The elBulli olives were one of the first things I had ever eaten that I was instructed to make sure that I ate “in one bite.” That instruction was given here for the “Stuffed Mussels” that gave forth burst of maritime salinity, all while having the appearance and make-up of a Nordic aebleskiver.
In most places foie gras is served with a sweet accompaniment, but as my own sweet tooth has diminished in recent years, I have come to appreciate the virtues of more savory foie preparations, such as this one built within a salad, using the foie itself as faux “leaves” amongst the real ones. The salad contained additional elements to provide textural and flavor contrasts. This was one of the most successful dishes of the meal.
The next course was my least favorite of the night and one that didn’t work for me at all. I love good sardines. One of my favorite quotes is from Ferran Adría, who said, “A good sardine is better than a not very good lobster.” I fully agree. The problem is, that as constituted in this dish, the sardine was not very good, even though it likely started out that way. Perhaps it was the steaming of the fish? Perhaps, I just didn’t like the fish’s liver lying underneath the crisp skin? Perhaps, and most likely, I didn’t find the pairing with cucumber and nasturtium to be at all successful. I had a hard time eating this dish.
Things started looking up with the next course, however. My favorite course of the evening was also perhaps the most obviously Vanguardist. A grilled langoustine (aka “scampi,” “Dublin Bay Prawn) was in the center of the plate, lying along with some herbs atop a dissolvable “oblate” pouch. Lining the bowl were discs of lightly smoked monkfish.
A green broth made from the heads of the scampi was poured atop the enveloped scampi, dissolving the pouch and spreading the herbs and other flavor elements throughout the dish to mix with the monkfish. The flavors were sweet and delicate.
A side element of this course was a tempura scampi head (minus the large claws) to be eaten in its entirety. This was an excellent blend of crisp texture and prawny flavor that helped to truly complete this fine dish.
Stylistically similar in appearance to the foie gras dish served earlier, the dish couldn’t have been much more different in terms of its flavor and textural profiles. This quasi Ibero-Italian dish was creative and enjoyable, while ultimately being a “comfort food” dish. This was one of the Akelarre “classics”

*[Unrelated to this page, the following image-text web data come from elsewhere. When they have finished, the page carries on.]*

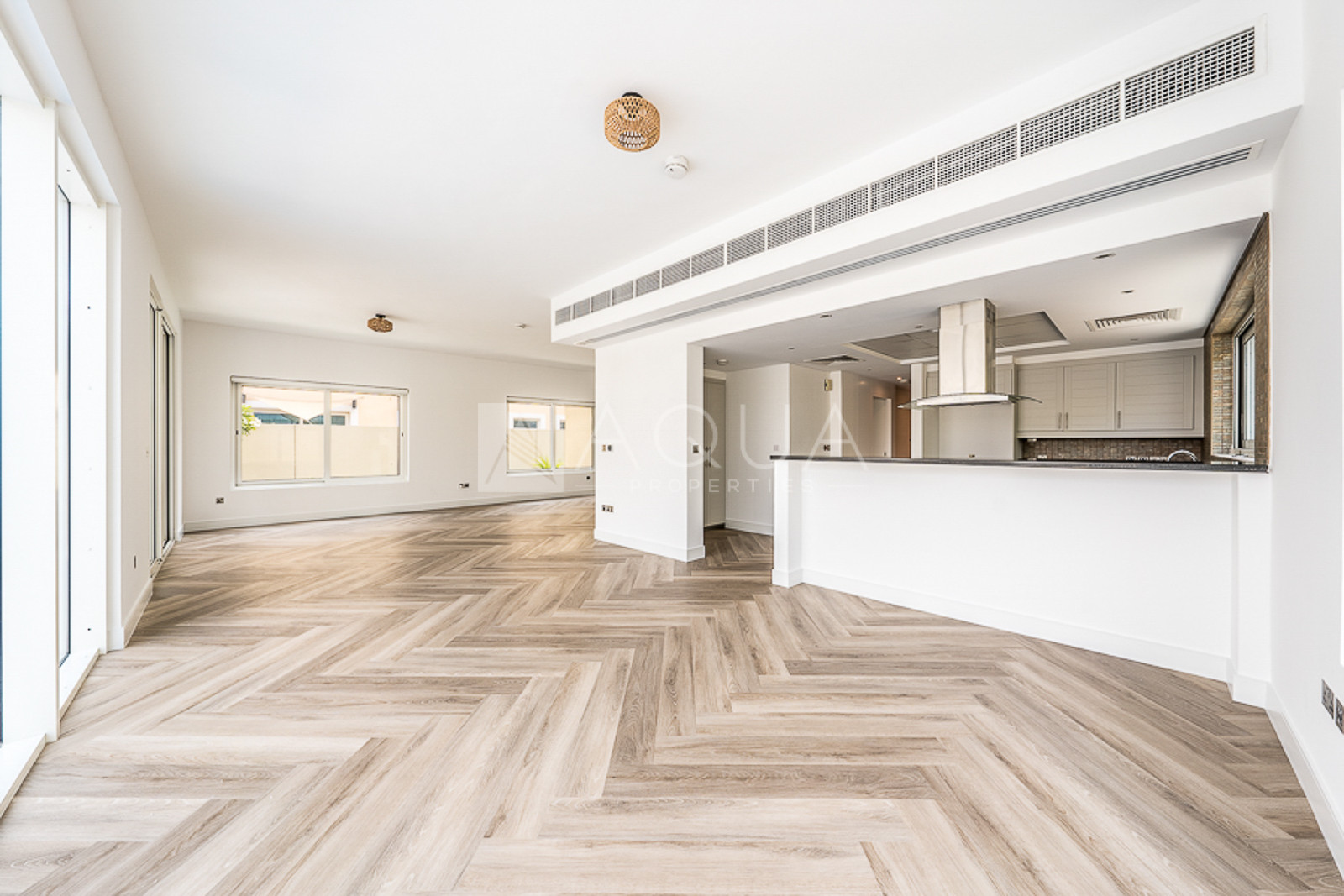 Excluisve Upgraded 4BR | Feature Swimming Pool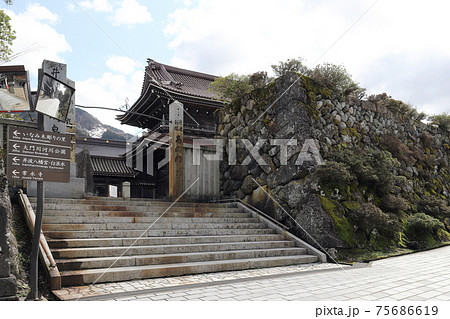 瑞泉寺 大門（富山県 南砺市） 75686619
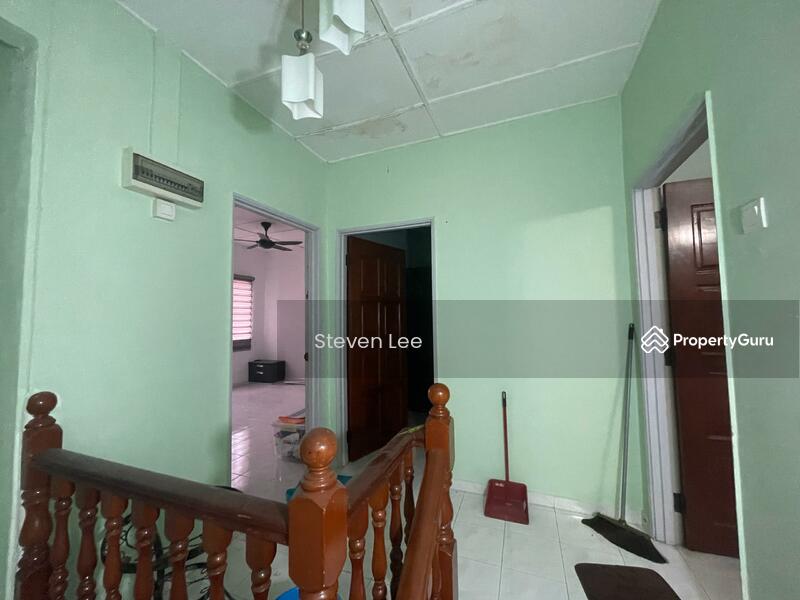 For Sale - [Renovation] 2 Storey Terrace House, Taman Rawang Perdana 1, Rawang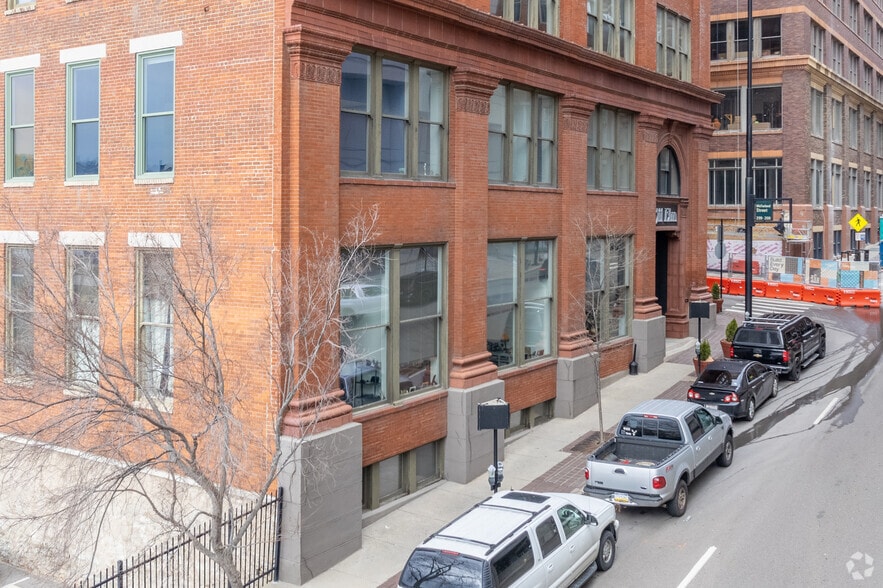 311 Elm St, Cincinnati, OH à louer - Photo du bâtiment - Image 2 de 13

Another of the classics came next, the “Whole-Grain Red Mullet with Sauces Fusilli.” The dish was called “whole-grain” because it incorporated the entire fishin various forms within the context of a relatively straightforward appearing piece of fish. While extremely clever, I didn’t particularly enjoy the fish as much as I had expected or hoped to. The same was true for the sauce-containing fusilli made from gelatin.The plate came with three different “kinds” of fusilli, the hollow gelatin corkscrews having been injected with sauces of parsley, soy and garlic. This was a dish that I really wanted to love and do, intellectually. Unfortunately, it ultimately disappointed me on the palate, though not nearly as much as the sardine dish.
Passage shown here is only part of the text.